La necesidad de participación de unos se convierte en obligación ineludible para otros: la de quienes han recibido generosamente de la sociedad la posibilidad de ejercer altos cargos: presidentes, alcaldes, ministros, legisladores… Deberían ser, por su experiencia, orientadores y guías. No tienen derecho a la indiferencia y el silencio. Nadie debe jubilarse de la política -el interés activo por los problemas de la sociedad. Ni renunciar a ser ciudadano. Ni a buscar la verdad. Ni a actuar -vivir- con honor y dignidad.

Ni a condenar los atropellos institucionalizados o la mentira sistemática. Ni a rechazar las ofensas y el irrespeto. Ni a luchar por la justicia y la libertad. La egolatría y el ensimismamiento nunca han sido buenos consejeros.

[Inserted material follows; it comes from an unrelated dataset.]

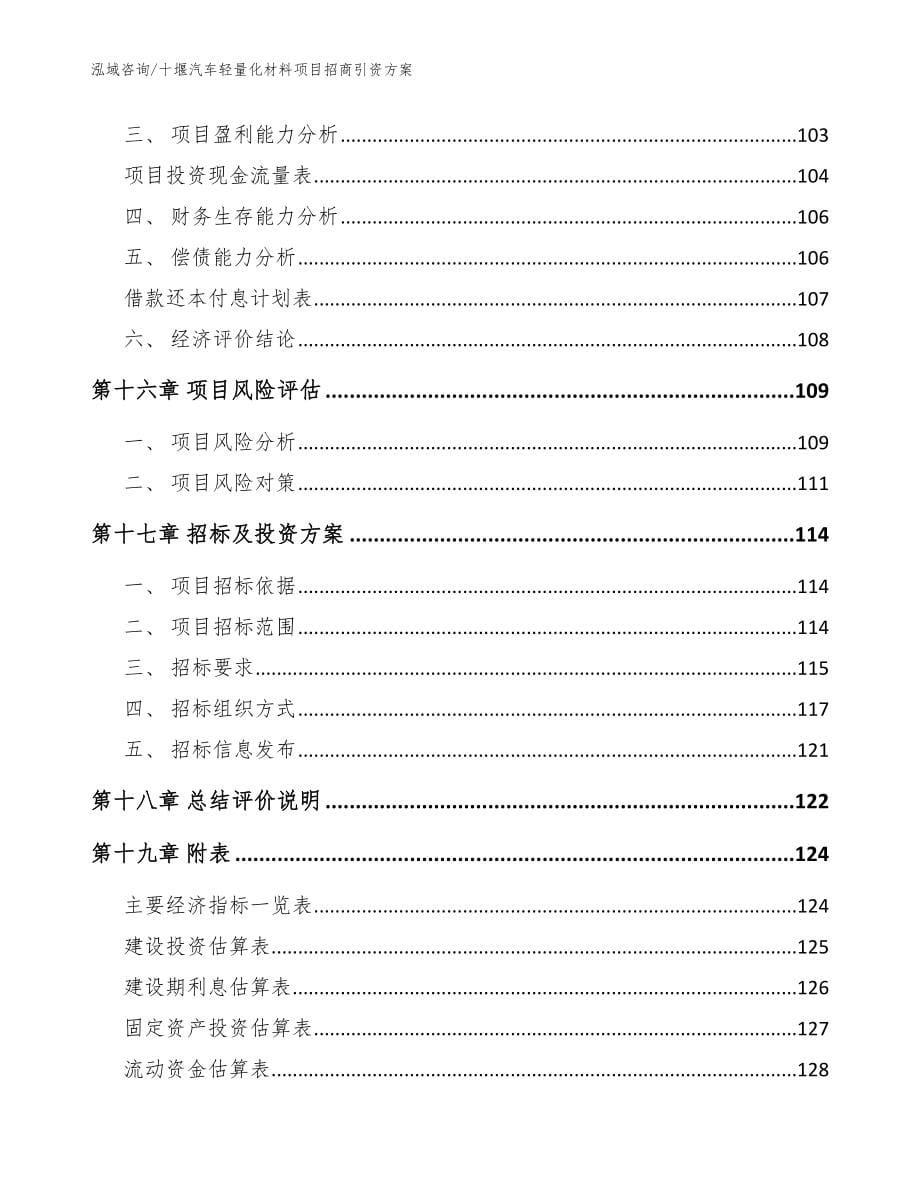 十堰汽车轻量化材料项目招商引资方案范文模板_第5页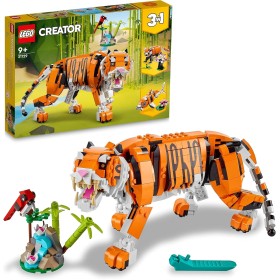LEGO Creator 3-en-1 Tigre Majestuoso, Panda Rojo o Pez Carpa, Set de Animales de Juguete para Construir para Niños y Niñas de 9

En cuanto a mí, creo que mi participación y mi aporte, que reconozco insignificantes y sin trascendencia, son un deber. No renunciaré a seguir ejerciendo con independencia inclaudicable, sin someterme a intereses vergonzantes, sin temores ni hipocresías, sin ocultarme en la retórica o en una falsa objetividad, impulsado siempre por lo que piensa y siento y obedeciendo a mi conciencia, aun con el grave riesgo a equivocarme, el derecho inalienable a la reflexión, la disidencia y la crítica… Únicamente deseo contribuir, con un minúsculo grano de arena, a defender nuestro derecho a actuar con coherencia y dignidad y a expresarnos con libertad.